Nine in ten cities score higher than the average for all cities in this year’s2016-18 index, than in the 2011-13 base year. This highlights the rate of recovery since the financial crisis. Strong employment growth reflects a decline in unemployment. It also indicates improvements in work-life balance. This might be a result of more flexible working patterns becoming more acceptable.
Long term data implies that performance over time on the index is unrelated to a city’s starting position. Instead, a combination of local and national improvements in the economy motivate ascendancy. The figure below shows the change in average good growth index scores by variable across all cities since 2005-07 and 2016-18. Skills amongst the population of 16-64 year olds, alongside the number of new businesses created have seen the largest improvements in average scores over the period. However housing affordability and owner occupation have deteriorated over the period, alongside rising average commuting times.

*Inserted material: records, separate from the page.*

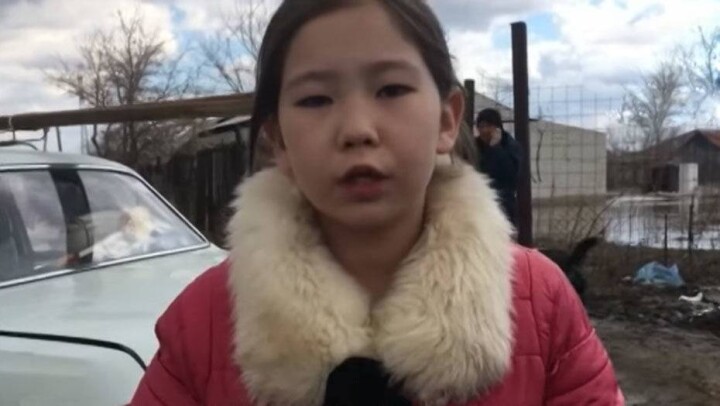 Девочка из затопленного дома в Актобе получила квартиру от бизнесмена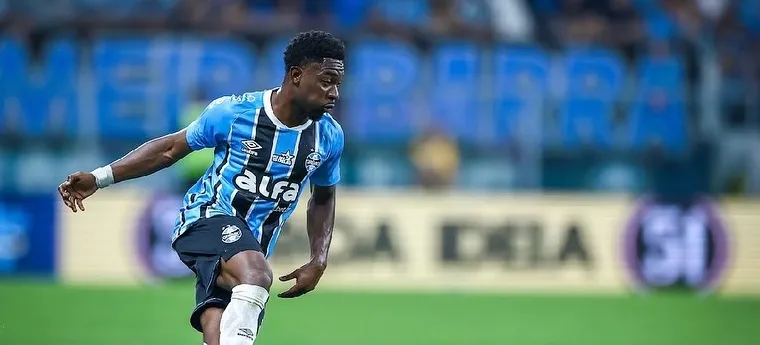 Grêmio: Amuzu brilha e ganha moral com Mano Menezes
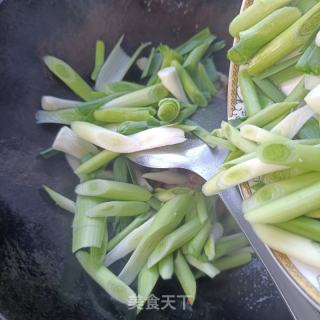 精五花炒蒜苗的做法步骤：8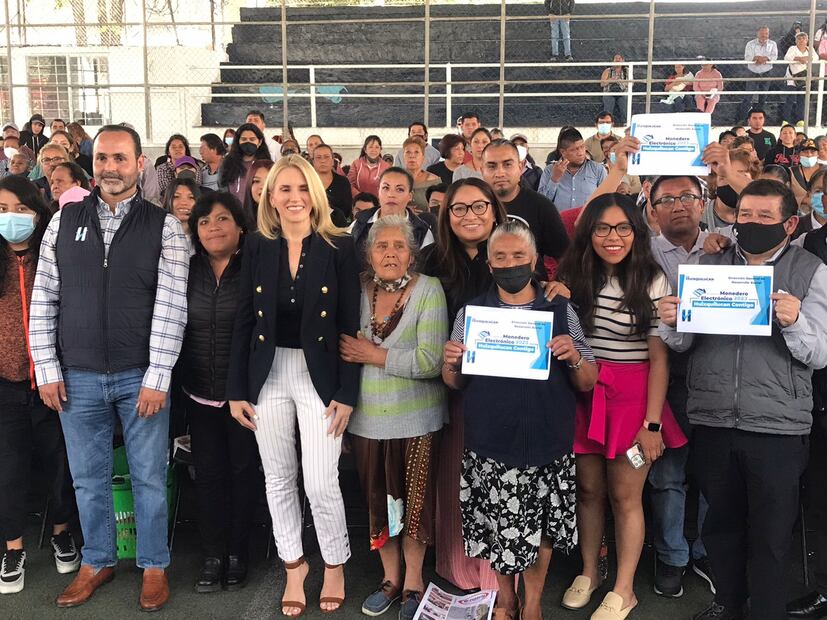 Reciben apoyos grupos vulnerables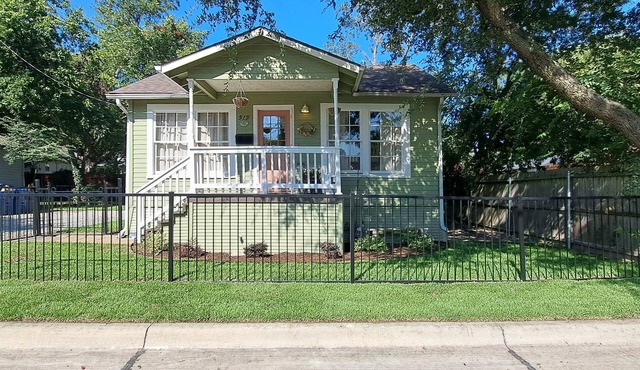 Charming 3-bedroom cottage in Historic McKinney, three blocks from the square.
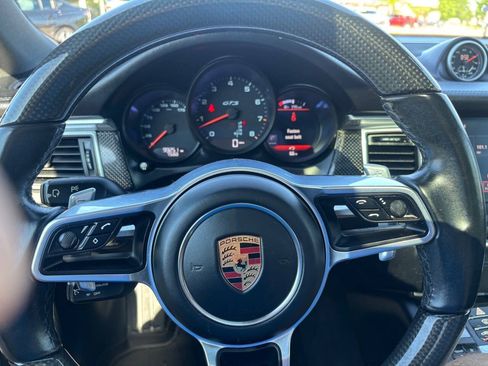 Used 2017 Porsche Macan GTS AWD/4WD image 14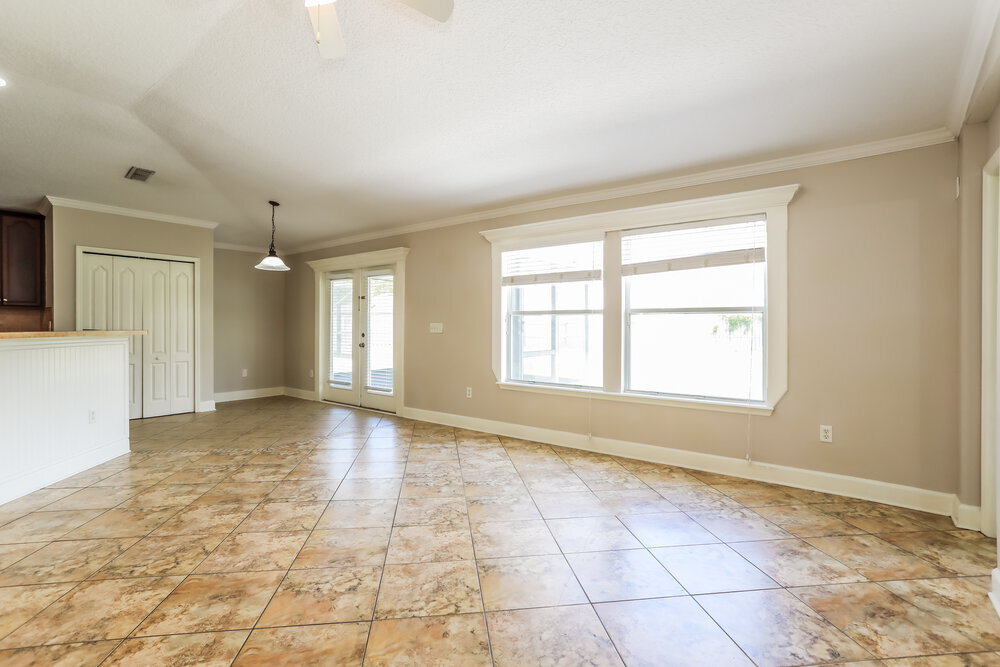 Building Photo - 2732 Woodsdale Dr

The short term data tells a different story, as 11 cities in the index have witnessed a decline in their score relative to the previous index – this is partly driven by the fact that improvement (especially for top performing cities) has hit a relative ceiling. However, the price of success has become increasingly evident, with declines in transport and housing highlighting the ongoing infrastructure challenges faced by UK cities. There has also been a decline in skills among young people (16-24) and a decline in overall health.